Jadis by F.J. Bergmann

F.J. Bergmann

Once, elsewhere, and never again, there was a castle:
high, high in mountains above the sea of bright clouds,
among the stars, silence spilling from its windows,
a waterfall from its gate, the silver cataract
diffusing into vapor a thousand leagues below.

Within it nestled the knotted garden of my childhood,
ordinary in the center, the way all things begin;
further outward into shadows the garden grew ever larger.
On nights without a moon the walls disappeared
and the garden became whole worlds.
We grew old enough to play unattended,
never to be overtaken by sunrise out of sight of the castle,
remembering the unguarded child who did not return.

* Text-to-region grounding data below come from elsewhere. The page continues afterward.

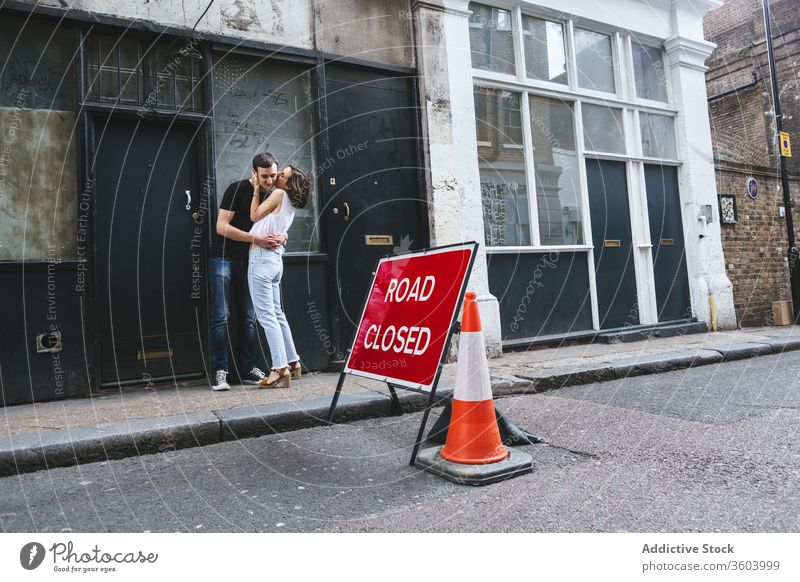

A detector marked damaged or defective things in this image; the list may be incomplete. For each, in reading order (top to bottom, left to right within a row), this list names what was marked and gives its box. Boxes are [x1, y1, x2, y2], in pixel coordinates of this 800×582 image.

peeling paint wall [312, 0, 412, 68]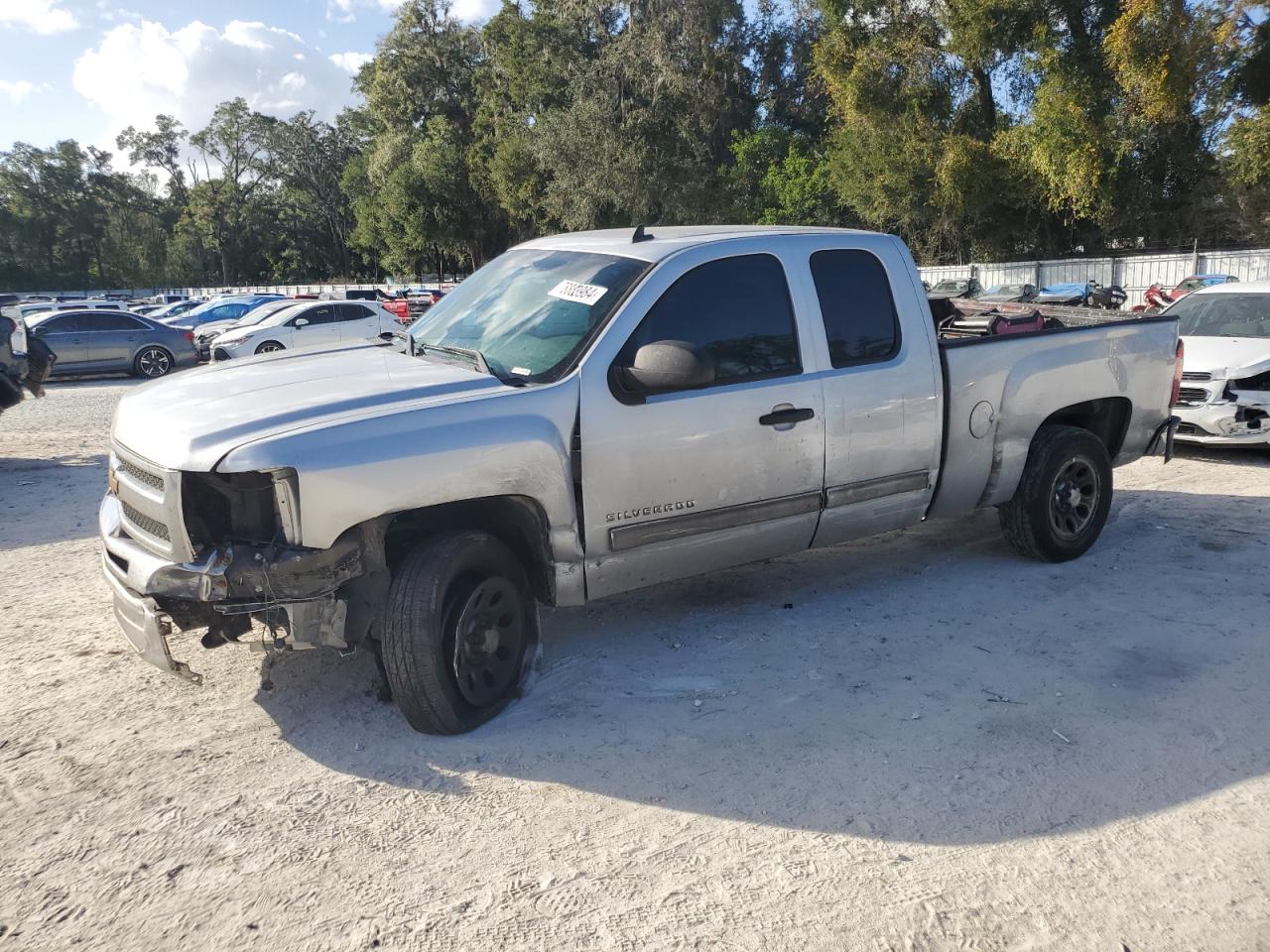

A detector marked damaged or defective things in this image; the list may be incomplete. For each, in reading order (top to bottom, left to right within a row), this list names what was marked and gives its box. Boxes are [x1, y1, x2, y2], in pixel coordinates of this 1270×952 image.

damaged white car [1163, 282, 1270, 449]
damaged front bumper [98, 492, 375, 685]
crushed front end [100, 444, 381, 680]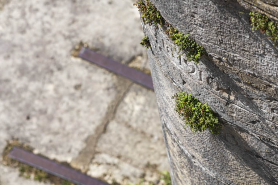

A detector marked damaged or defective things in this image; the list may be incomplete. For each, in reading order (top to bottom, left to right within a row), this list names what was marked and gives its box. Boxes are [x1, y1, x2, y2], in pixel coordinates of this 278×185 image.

rusty metal bar [77, 46, 154, 90]
rusty metal bar [8, 147, 108, 185]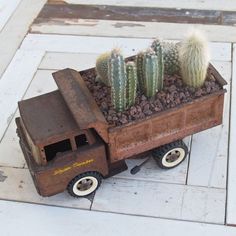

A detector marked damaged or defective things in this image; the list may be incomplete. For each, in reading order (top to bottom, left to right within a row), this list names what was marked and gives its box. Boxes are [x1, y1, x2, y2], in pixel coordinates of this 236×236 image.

In the tallest tower was the library,
tier upon tier of books vanishing upward into haze
with rare glimpses of a frescoed ceiling
writhing with forms too distant to be identified.
When any book opened, each page was a mirror;
observing the chamber or vista behind one’s reflection,
the tableau would slowly begin to move and the tale unfold,
comedy over the right shoulder, tragedy over the left shoulder,
according to ancient custom.

At my ascendancy, it was arranged for my portrait to be painted
by Signor da Vinci, summoned from his vanished world.
During his sojourn, he also painted his own image,
dressed as a woman, from one of our curious books,
but adamantly refused to divulge what had taken place
in that dim landscape beyond his other self.

My state portrait still hangs in the long gallery,
staring back at wide-eyed visitors, who cower and pass by quickly.
I am frozen there forever in stone-dark robes of power,
caressing the winged serpent in my lap;
blood stains the heavy brocade in a pattern
resembling a language you would rather not learn.